▶ Exercise instructions
Find the line with "Building Photo - 5428 Encanto Dr" in the entries below, then output every line from it down to the line with "5628 5th Ave., Fort Myers, FL 33907", exactly and with no pictures.

▶ Given data
= = = = = = =

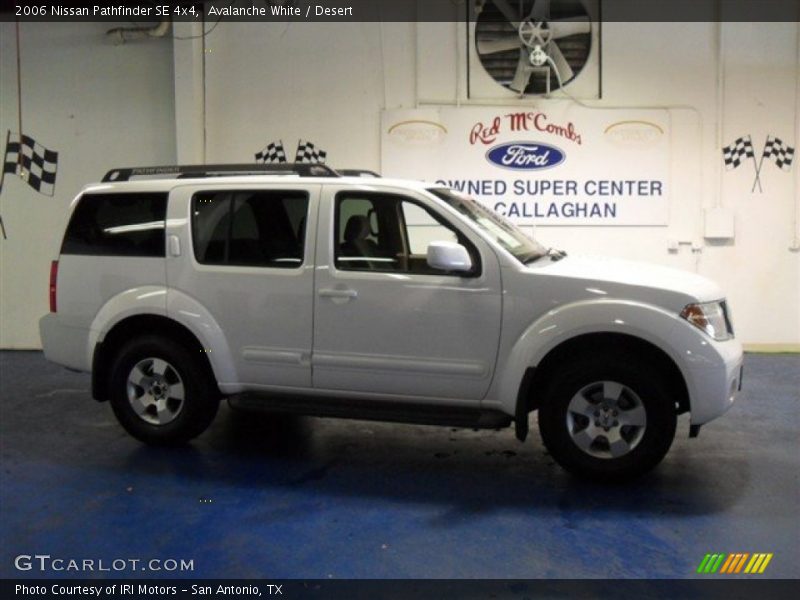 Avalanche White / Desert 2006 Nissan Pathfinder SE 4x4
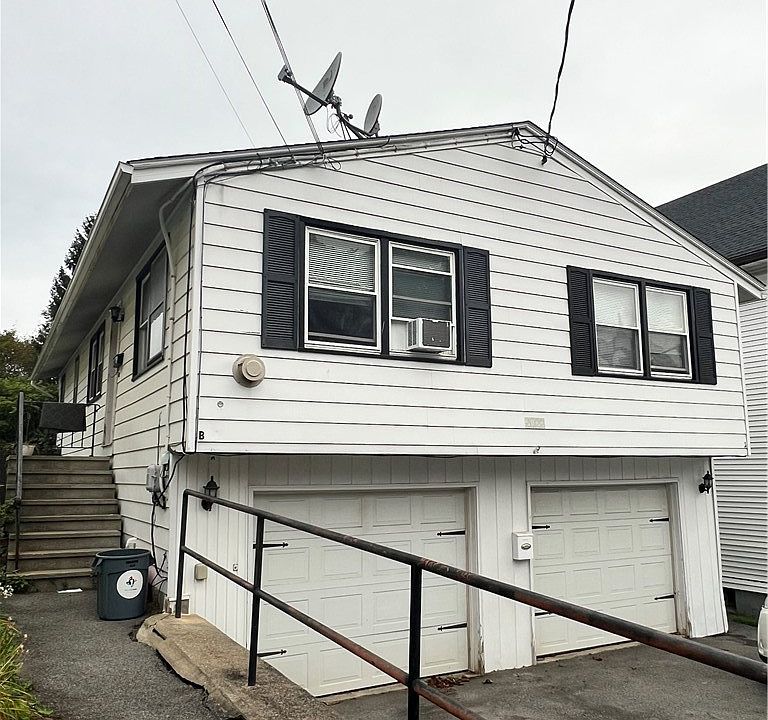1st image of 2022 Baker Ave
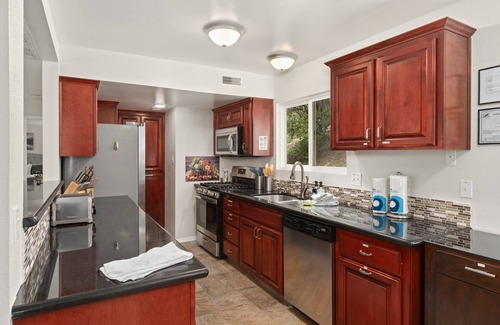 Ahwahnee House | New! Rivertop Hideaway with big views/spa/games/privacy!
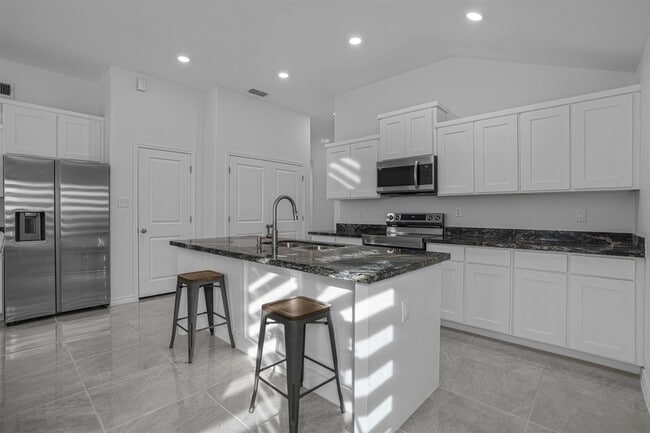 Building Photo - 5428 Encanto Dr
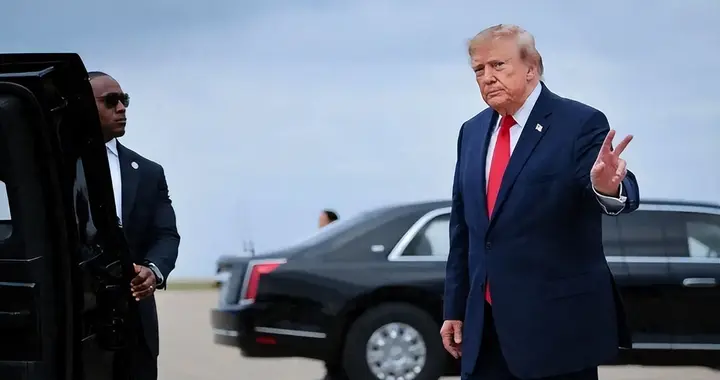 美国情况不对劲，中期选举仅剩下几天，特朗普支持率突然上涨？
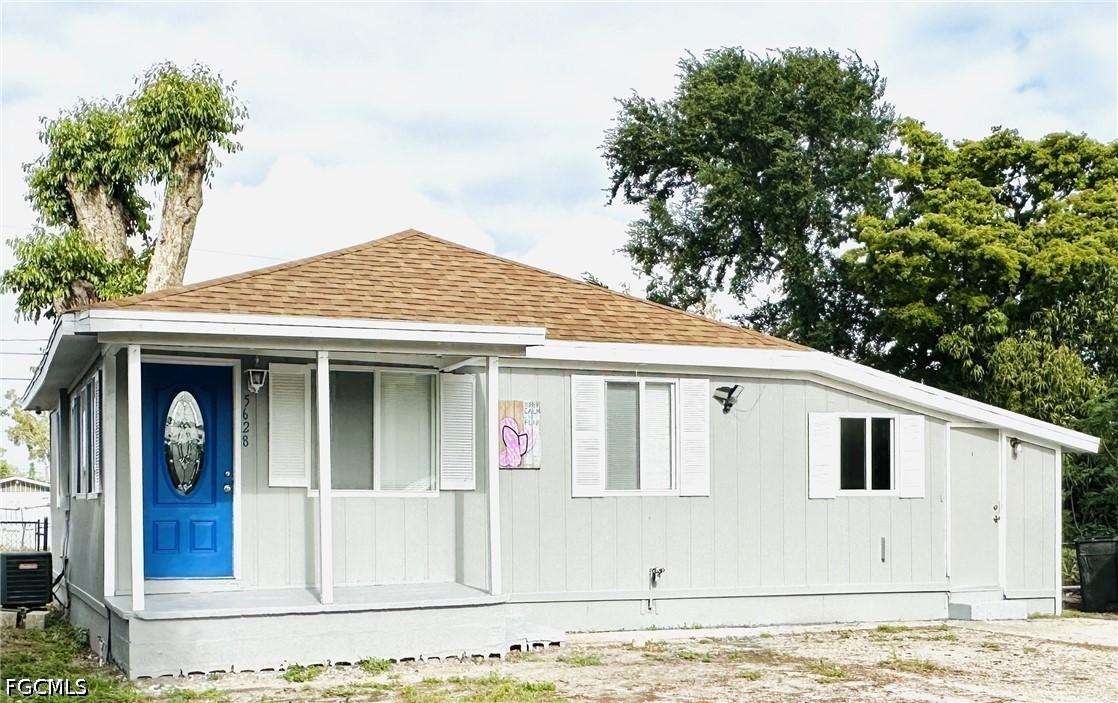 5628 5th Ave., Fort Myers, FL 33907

= = = = = = =

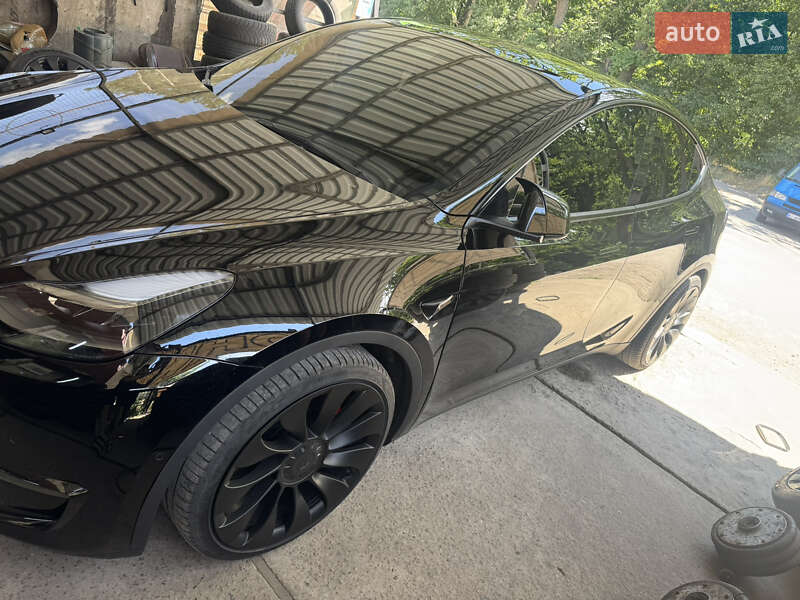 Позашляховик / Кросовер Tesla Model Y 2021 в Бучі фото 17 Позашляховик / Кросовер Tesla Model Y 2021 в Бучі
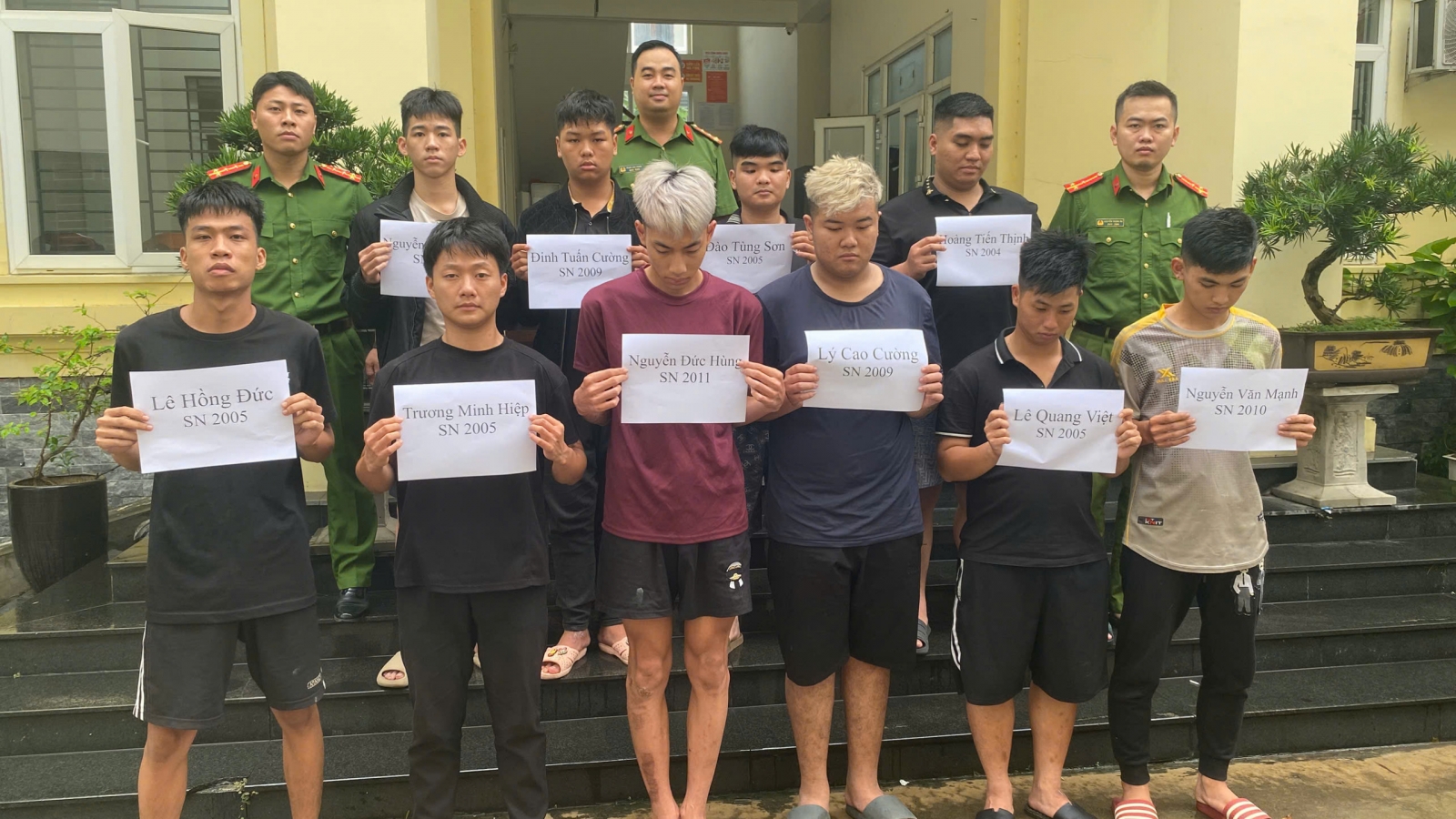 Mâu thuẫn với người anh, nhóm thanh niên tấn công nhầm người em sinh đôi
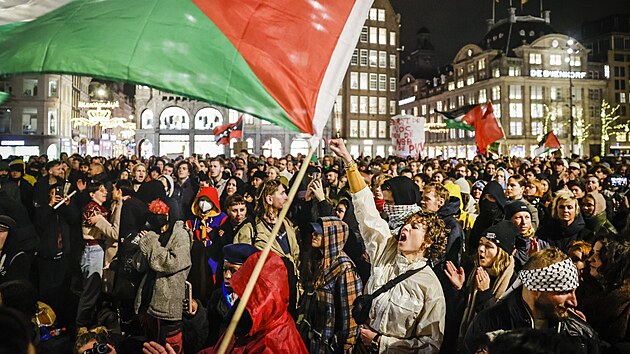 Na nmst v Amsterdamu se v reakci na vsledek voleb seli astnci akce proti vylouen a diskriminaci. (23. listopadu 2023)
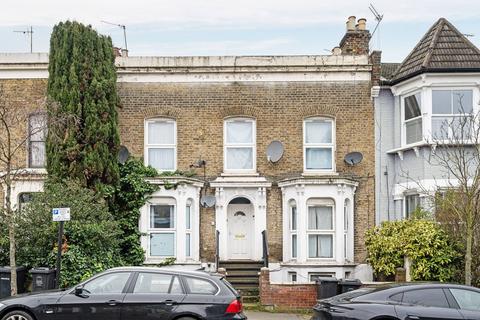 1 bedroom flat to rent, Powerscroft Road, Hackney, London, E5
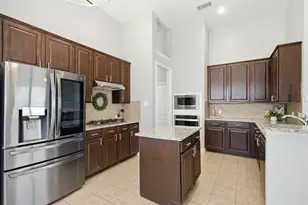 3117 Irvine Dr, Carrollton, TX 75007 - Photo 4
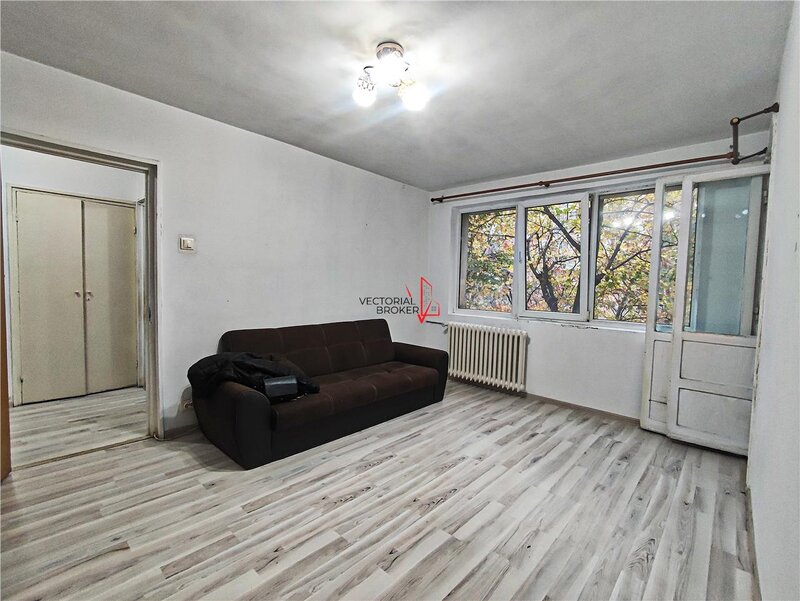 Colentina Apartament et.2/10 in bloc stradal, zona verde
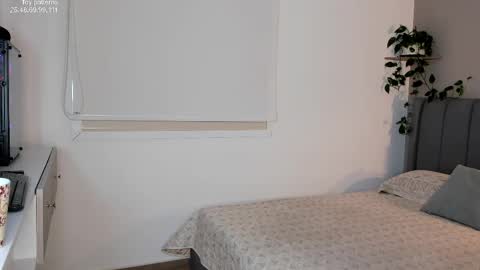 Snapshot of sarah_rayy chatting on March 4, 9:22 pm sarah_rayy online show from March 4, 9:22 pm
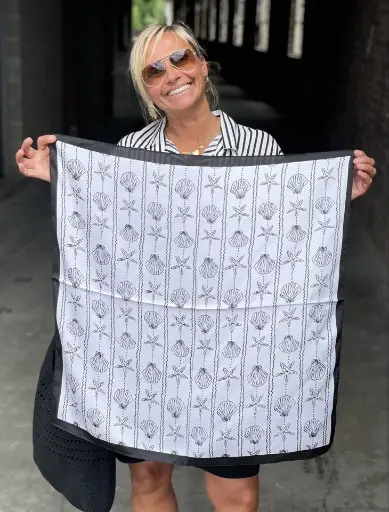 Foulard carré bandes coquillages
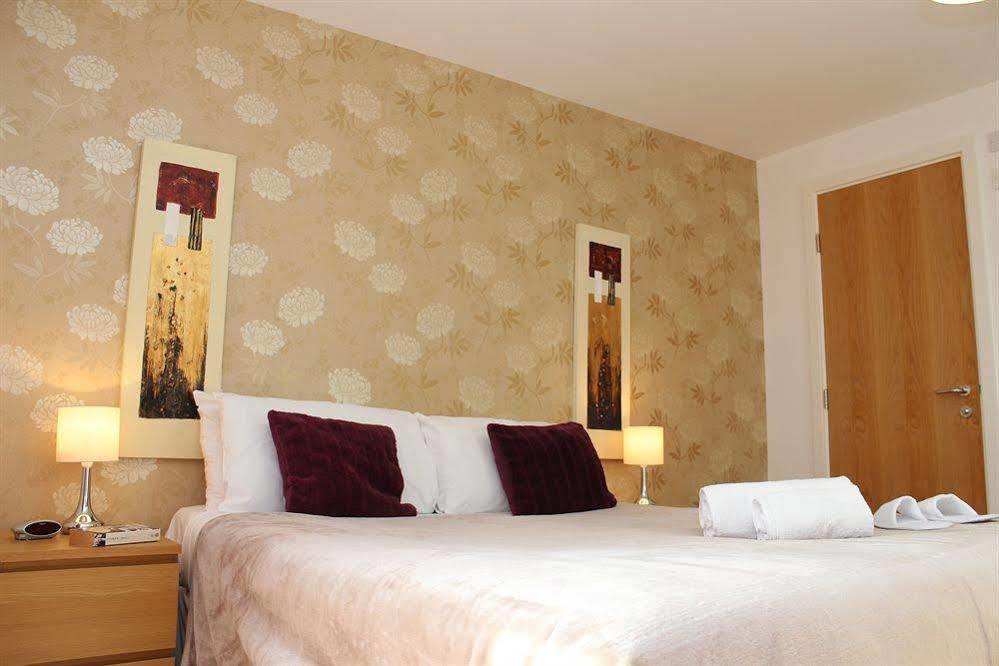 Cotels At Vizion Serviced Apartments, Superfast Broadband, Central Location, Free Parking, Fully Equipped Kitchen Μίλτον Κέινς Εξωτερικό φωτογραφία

= = = = = = =

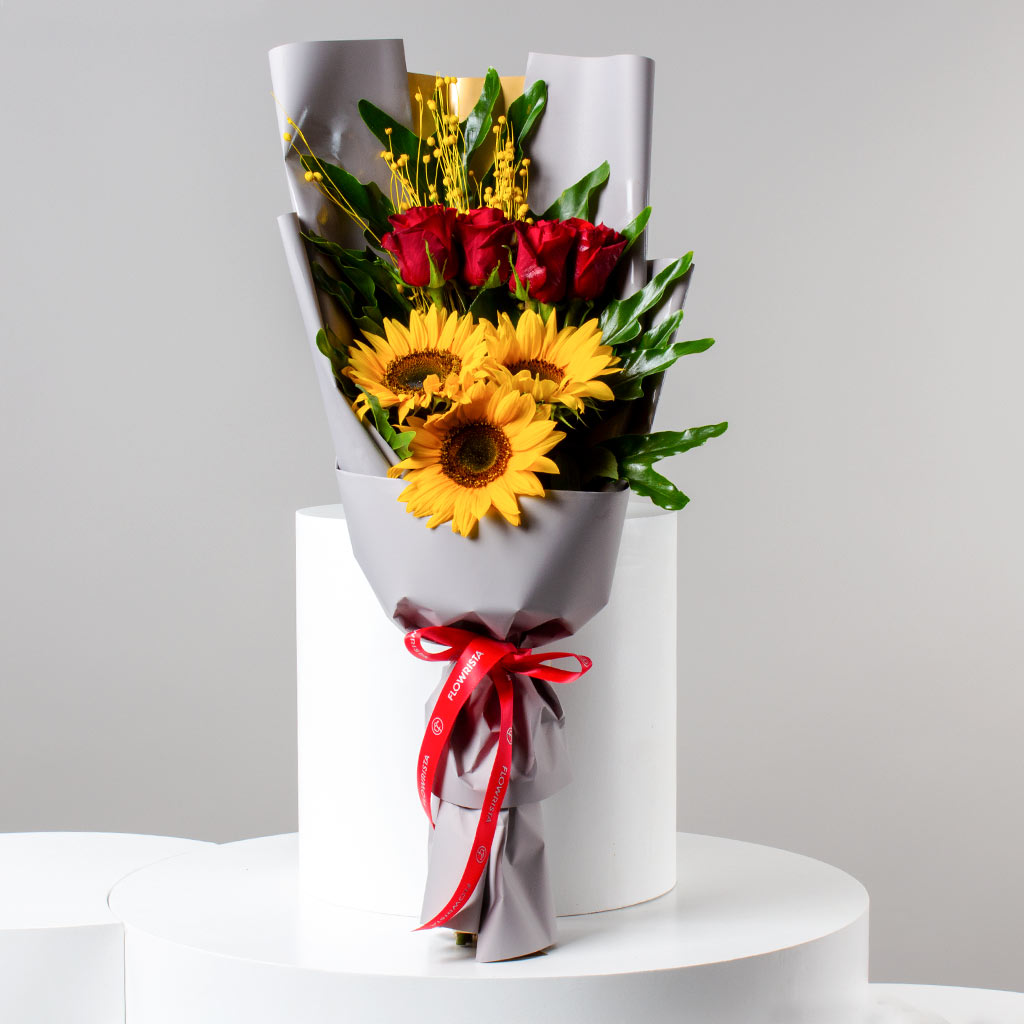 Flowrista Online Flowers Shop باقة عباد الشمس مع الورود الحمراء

= = = = = = =

▶ Result
 Building Photo - 5428 Encanto Dr
 美国情况不对劲，中期选举仅剩下几天，特朗普支持率突然上涨？
 5628 5th Ave., Fort Myers, FL 33907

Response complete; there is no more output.